• **HOW TO COMPLETE THIS TASK**
Pictures are not part of the answer. Write out exactly the lines from the one containing "101 Woodwinds Drive, Mount" through the end of the material below.
══ SOURCE RECORDS ══
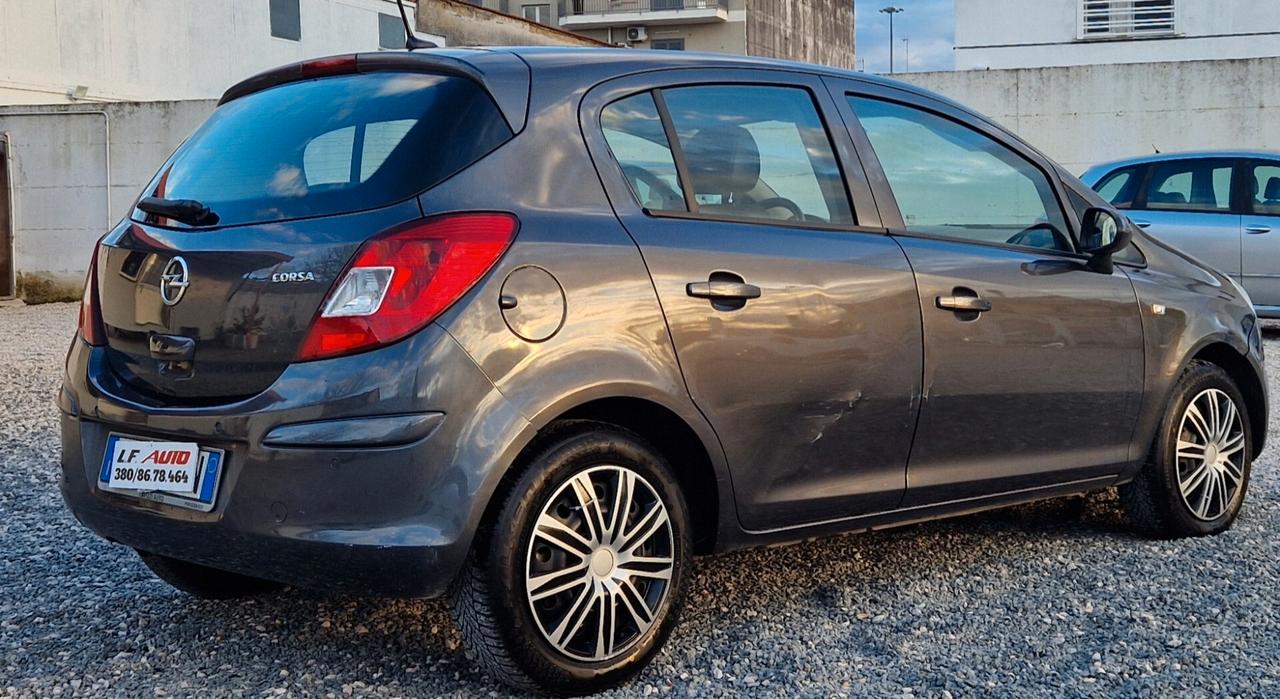 Opel Corsa 1.7 CDTI 130CV 5 porte Cosmo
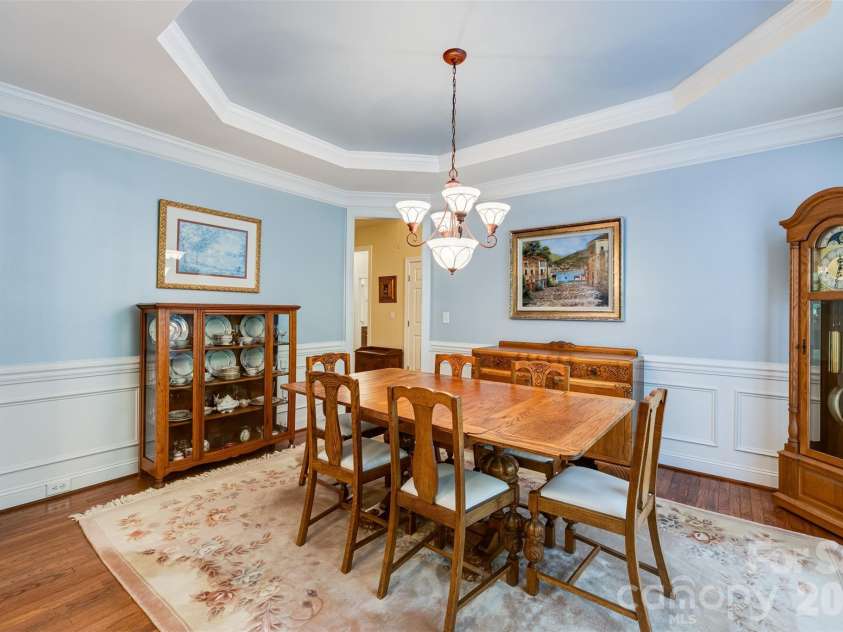 101 Woodwinds Drive, Mount Holly, NC 28120.  MLS# CAR4381091, YatesRealty ID 23947. 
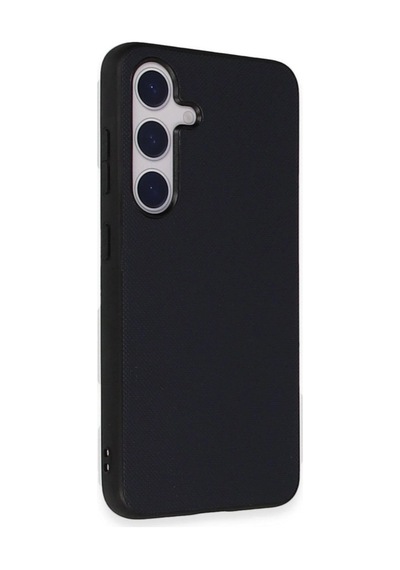 Samsung Galaxy S24 Kılıf Taft Kapak - Lacivert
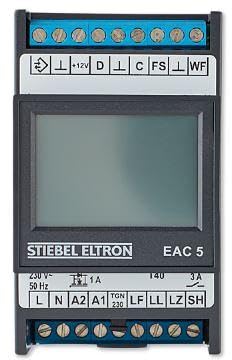 STIEBEL ELTRON 202466 Steuerungen und Temperaturregler, n.a von Stiebel Eltron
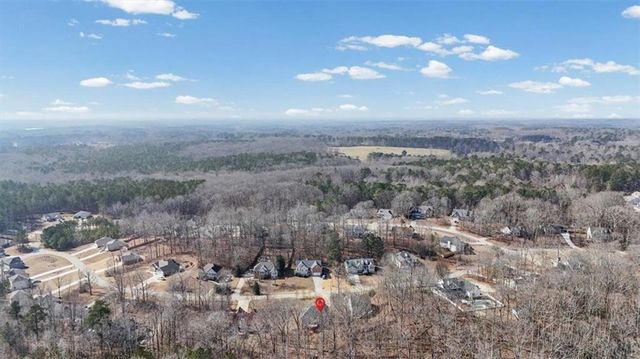 160 Amidon Drive, Villa Rica, GA 30180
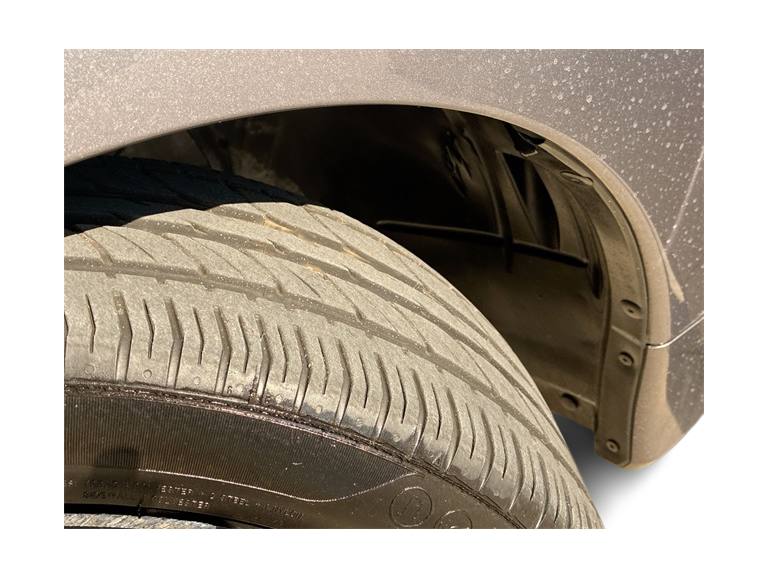 Thumbnail: 2021 Honda Civic - 17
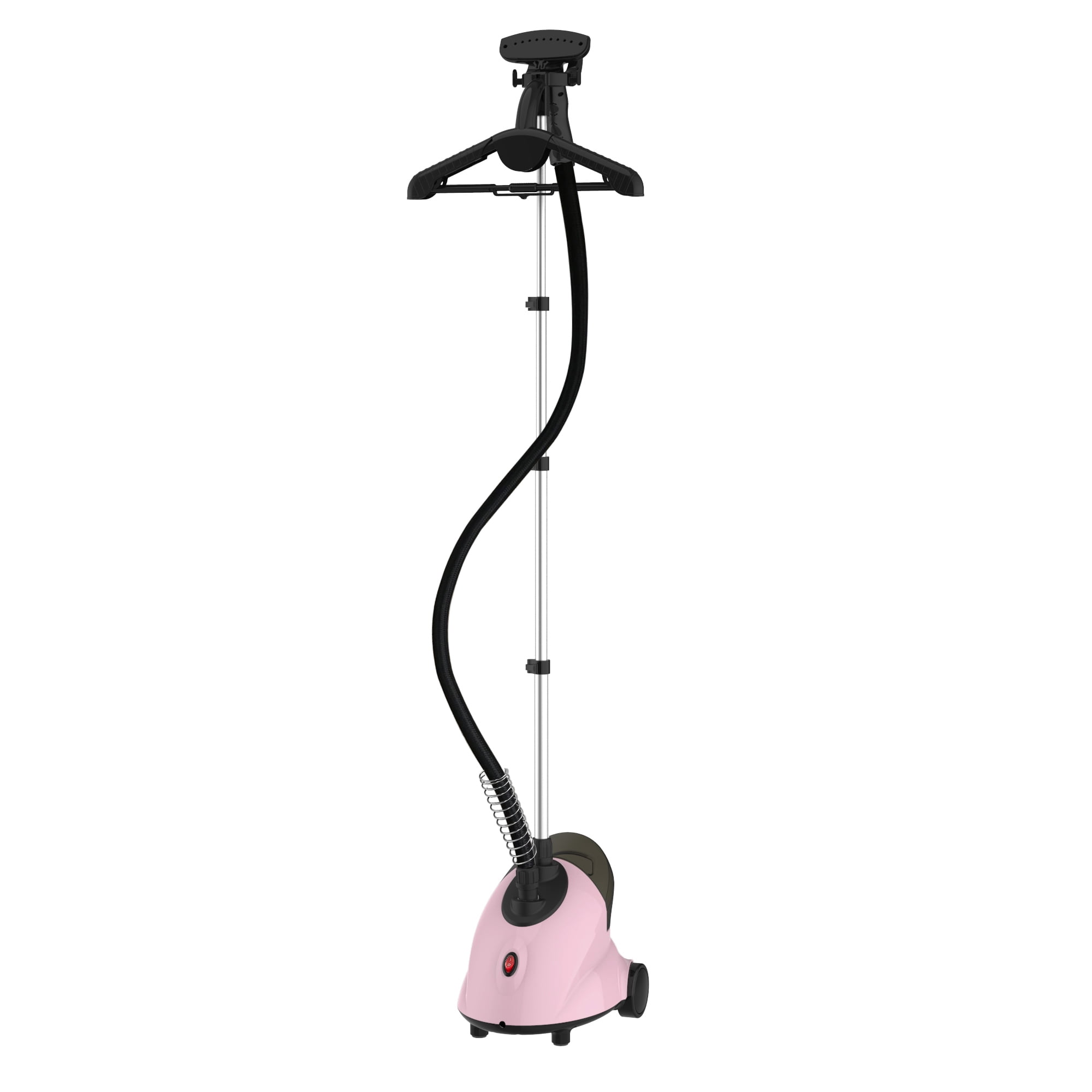 SALAV GS18DJ/120 LIMITED EDITION, Compact Vertical Garment Steamer for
═══
• **SOLUTION TO THE PROBLEM**
 101 Woodwinds Drive, Mount Holly, NC 28120.  MLS# CAR4381091, YatesRealty ID 23947. 
 Samsung Galaxy S24 Kılıf Taft Kapak - Lacivert
 STIEBEL ELTRON 202466 Steuerungen und Temperaturregler, n.a von Stiebel Eltron
 160 Amidon Drive, Villa Rica, GA 30180
 Thumbnail: 2021 Honda Civic - 17
 SALAV GS18DJ/120 LIMITED EDITION, Compact Vertical Garment Steamer for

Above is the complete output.